We can generally discern it, and will be even more able to going forward. The Frenzy bonus to Tactics is no joke.
As far as the 5-7 per attack? Well, sure - that's what we've been doing lately, with stacking huge numbers of dice and honing repeatedly, but it doesn't have to be.
Actually, no. With one level of bonus damage we do 5 damage for 3 Orthstirr (1 Power Chop, 1 Hone, 1 Lightning)...additional Hone beyond the first does nothing to damage (we just needed the dice). 6-7 is, again, just Honed Skewer-Flick or Leaping Cleave with the Lightning added.
Basically, IMO, 1 Orthstirr for +1 damage is basically always worth it and we have three sources of that we can use.
The real kick of shapeshifting+frenzy is how utterly brutal it can make your "just 1 die" and "1 die and 1 orthstirr" attacks - both in having static bonuses that buff every single one of them and in increasing the speed at which you can pump them out. Like, seriously, advantages like shapeshifting+frenzy are a major change to the combat math, of the sort that calls for a re-evaluation of overall strategy... and for that strategy, the big impact of the damage bonus is on which attacks they can simply afford to absorb. Do we have enough punch to make them pay attention to each attack?
I honestly don't think spending 1 orthstirr for 3-4 damage is ever gonna be better than spending 3 orthstirr on 5-6 damage. We aren't that hard up for Orthstirr. It's maybe worth going down to 2 Orthstirr for only 4-5 damage to avoid it counting as a Trick, but that's a a sightly separate matter.
Well, let's talk about medium threats.
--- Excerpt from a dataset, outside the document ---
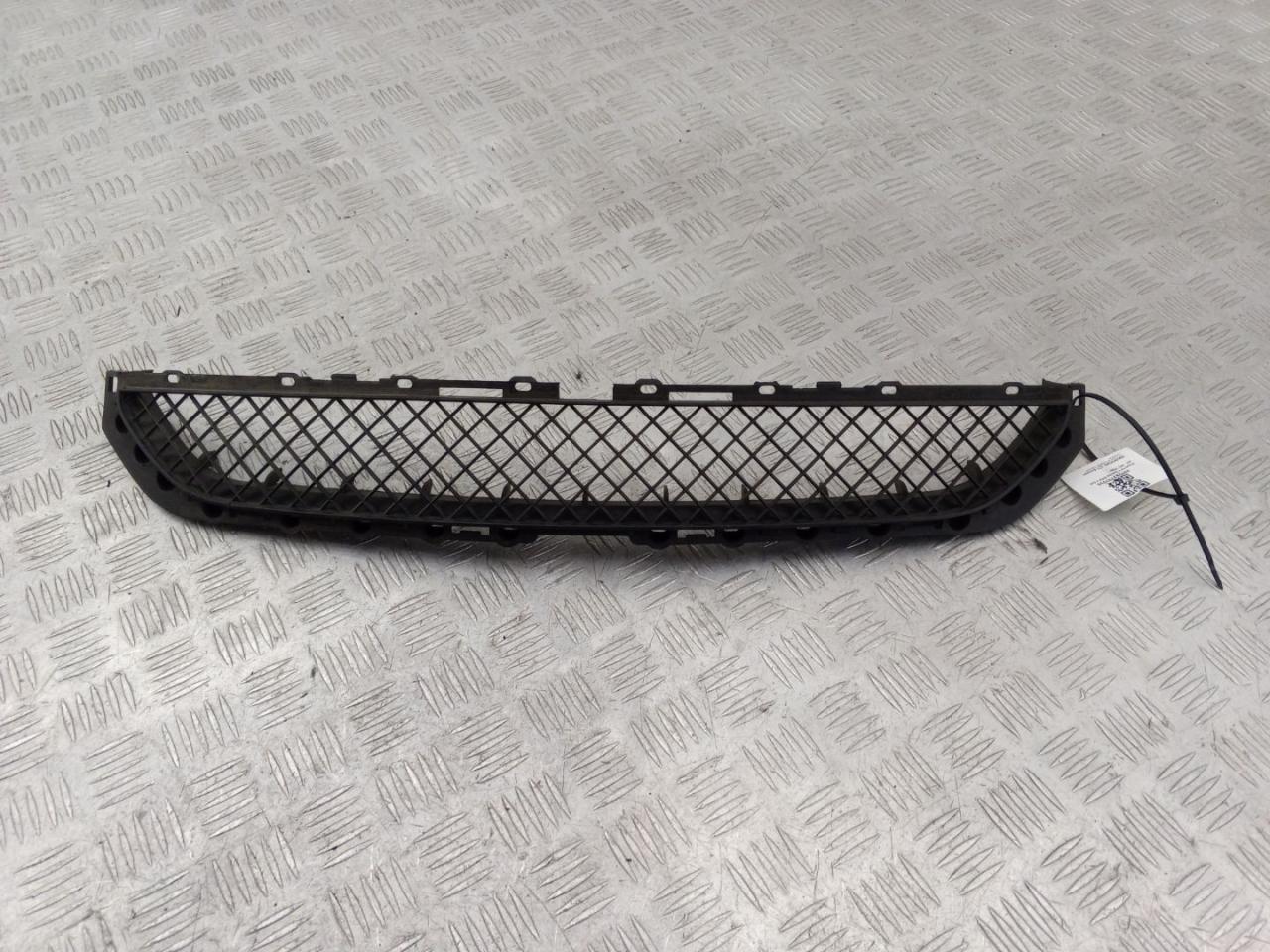 заглушка (решетка) в бампер BMW 3 серия E46 1998, 51118204363, 8204363 - фото №1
We've already seen what a "medium threat" is going to look like for us pretty soon. We killed one and left him buried under a hillside. That guy had two points of damage absorb (plus additional armor-related shenanigans.) I suspect that sort of thing is going to be getting more common.
And the Ironbrother was enough for 5 Orthstirr a year in perpetuity even with Sten there to back us up. He was not a 'medium threat'. He was a serious high end threat, as high as we could possibly take on and survive.
But let's say you're right and -2 damage becomes more common...at that point, unenhanced, Kindle Spinner is not viable (1 damage per hit is just...not good), and the above combo for 3 orthstirr is only barely so at 2 damage...so if we pick Kindle Spinner as our +2 and the guy has fire resistance, or we pick melee and he can avoid getting into melee with us, we're screwed unless we start spending Odr like water. If we've split our focus, the Kindle Spinners still do 2 damage after the damage reduction and the base melee attacks do 3, so we're at least somewhat viable either way
It's definitely more necessary for our ranged attacks, generally speaking (when we hit Hamr 8 or Hamr Infusion 6, my suggested default will be +1 speed, +1 melee, +2 ranged), but again I'm very reluctant to put too many of our eggs in that basket given that it is our
toughest fights where people will come equipped with fire resistance.
Any time the task is "pour on the raw damage" (either because they've got some sort of damage reduction or because they're a troll or something with an enormous health pool and regeneration or because they have absurdly good armor or whatever) then concentrating damage is going to be highly useful. Any time that's not the big important thing... well, at that point, by nature, where we put our damage bonus is less important, because "pouring on the damage" isn't the big important thing.
With the ability to pour on 5 per hit relatively cheaply (or 4 per hit at range, or up to 7 per hit expensively), I don't think 'pouring on damage' is gonna be the problem. Like, we want and need both good single target melee damage and good ranged and area attacks, and having both requires splitting focus. Which is fine because those damage numbers wind up pretty solid.